Age cannot be equated with beauty

Colleen Hammond | Opinions Editor

As advertising continues to become a highly visual medium, beauty companies are doing away with stick thin models with perfectly symmetrical faces. While companies like Ulta, Dove, Venus, Fenty and Revlon are incorporating racial and physical diversity, they continue to leave out one essential population: middle aged and older women.

It seems that beauty companies forget that women who age at a normal rate even exist. Although companies like Covergirl are slowly incorporating models over 50 like Jennifer Lopez, Ellen DeGeneres and Maye Musk, they choose to only highlight women who appear significantly younger than their actual age. The elimination and neglect of older models emphasizes American cultural views that the female aging process is a grotesque, downward spiral toward death.

Women over 50 are considered disposable and useless to the film and beauty industries.
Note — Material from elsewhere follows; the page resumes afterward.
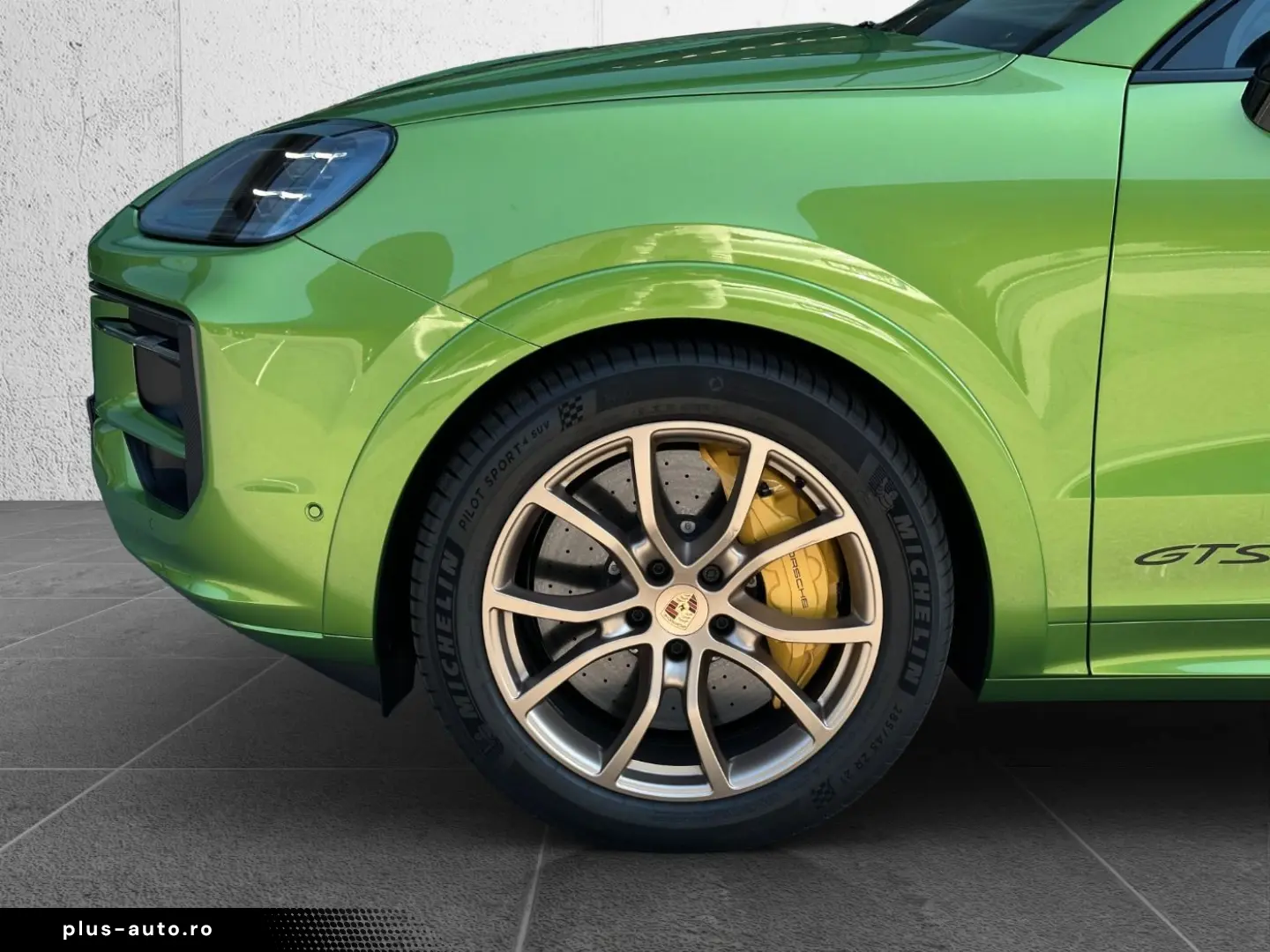 PORSCHE Cayenne GTS Coupe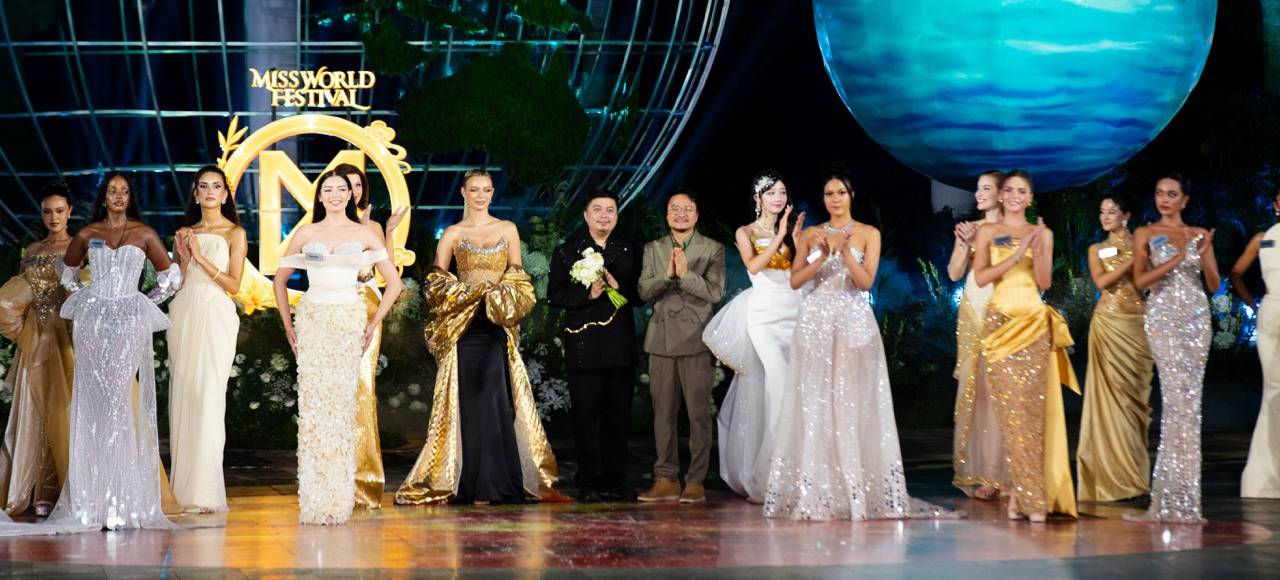 “Chất lượng thí sinh của Miss World qua từng năm chưa bao giờ làm các fan sắc đẹp thất vọng, và năm nay cũng vậy. Hà nghĩ việc lựa chọn ra những cái tên sáng giá cho ngôi vị hoa hậu thật sự rất khó. Những phần thi phụ sẽ giúp ban giám khảo khai thác tối đa khả năng của thí sinh, từ đó đưa ra quyết định phù hợp”, Tô Diệp Hà chia sẻ.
For this reason, it has become an ongoing joke in Hollywood and the modeling industry that once actresses and models reach age 50, they are sent to a proverbial farm upstate like a beloved childhood pet. Producers and advertisers consistently avoid marketing to older women because they are not seen as attractive as their younger counterparts.

In addition to American culture’s need to erase aging women from the beauty landscape, they continually advance their cause by bombarding the public with anti-aging products. The global anti-aging market reaps over $50 billion annually and only continues to grow. Companies like L’Oreal and Estee Lauder market their anti-wrinkle products as fountains of youth. They seek to eradicate all signs of aging in women as young as 30.

After these anti-aging products fail to fully combat wrinkles and sagging skin, many women in the public eye turn to more drastic measures of plastic surgery. Going under the knife may seem dramatic and unlikely, but nearly 20 million plastic surgeries are performed in the United States every year. This number does not even include treatments like Botox or lip injections which have become increasingly common in the past decade.

The need for eternal youth has gotten out of hand, and beauty industry leaders need to accept their role in changing public perception of aging.

While practical precautions should be taken to avoid premature aging like healthy eating, exercise and avoidance of smoking, there is no need for the modern cultural obsession with looking young.

American society praises individuals for living a long life. It seems every week there is a local news story about a senior citizen finally reaching their 100th birthday. Society continues to contradict itself by admiring a long life but penalizing individuals whose physical appearance shows that long life. If longevity of careers, memory, influence and lifetime are to be honored, society needs to be accepting of faces and body types that match.

Societal acceptance starts with awareness. Just as it has become more mainstream to see plus size and multi-racial models, the inclusion of older models will hopefully spread industry wide, making aging less of a taboo.

Aging is not the worst event in a person’s life, and a woman’s value should not decrease in society because she has grey hairs, wrinkles or crow’s feet.

For the vast majority of women, aging is a growing source of stress as time relentlessly ticks onward. Being a woman causes enough stress as it is; there is no reason for the beauty industry to perpetually add aging to the list.

This refusal to acknowledge the aging process in the beauty industry perpetuates unrealistic beauty standards. Aging is a crucial part of life and should play a prominent role in beauty advertisements for years to come.